● **Brief**: Repeat the records. Keep every word and mark exactly as it is.

● **Provided data**:
------------

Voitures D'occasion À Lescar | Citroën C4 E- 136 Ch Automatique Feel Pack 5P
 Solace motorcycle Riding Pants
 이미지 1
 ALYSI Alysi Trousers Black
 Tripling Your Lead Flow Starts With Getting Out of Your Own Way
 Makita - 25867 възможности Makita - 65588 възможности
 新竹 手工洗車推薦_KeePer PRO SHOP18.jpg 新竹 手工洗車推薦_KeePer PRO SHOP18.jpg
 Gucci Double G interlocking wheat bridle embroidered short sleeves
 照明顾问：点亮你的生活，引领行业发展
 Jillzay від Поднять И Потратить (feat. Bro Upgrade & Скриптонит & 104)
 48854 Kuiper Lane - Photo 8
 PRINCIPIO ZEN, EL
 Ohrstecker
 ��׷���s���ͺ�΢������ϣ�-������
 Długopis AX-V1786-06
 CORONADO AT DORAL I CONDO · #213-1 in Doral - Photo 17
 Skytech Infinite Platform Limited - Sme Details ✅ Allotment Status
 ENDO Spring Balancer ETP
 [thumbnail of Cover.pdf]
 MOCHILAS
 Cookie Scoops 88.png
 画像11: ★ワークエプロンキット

------------

● **Exercise response**:
Voitures D'occasion À Lescar | Citroën C4 E- 136 Ch Automatique Feel Pack 5P
 Solace motorcycle Riding Pants
 이미지 1
 ALYSI Alysi Trousers Black
 Tripling Your Lead Flow Starts With Getting Out of Your Own Way
 Makita - 25867 възможности Makita - 65588 възможности
 新竹 手工洗車推薦_KeePer PRO SHOP18.jpg 新竹 手工洗車推薦_KeePer PRO SHOP18.jpg
 Gucci Double G interlocking wheat bridle embroidered short sleeves
 照明顾问：点亮你的生活，引领行业发展
 Jillzay від Поднять И Потратить (feat. Bro Upgrade & Скриптонит & 104)
 48854 Kuiper Lane - Photo 8
 PRINCIPIO ZEN, EL
 Ohrstecker
 ��׷���s���ͺ�΢������ϣ�-������
 Długopis AX-V1786-06
 CORONADO AT DORAL I CONDO · #213-1 in Doral - Photo 17
 Skytech Infinite Platform Limited - Sme Details ✅ Allotment Status
 ENDO Spring Balancer ETP
 [thumbnail of Cover.pdf]
 MOCHILAS
 Cookie Scoops 88.png
 画像11: ★ワークエプロンキット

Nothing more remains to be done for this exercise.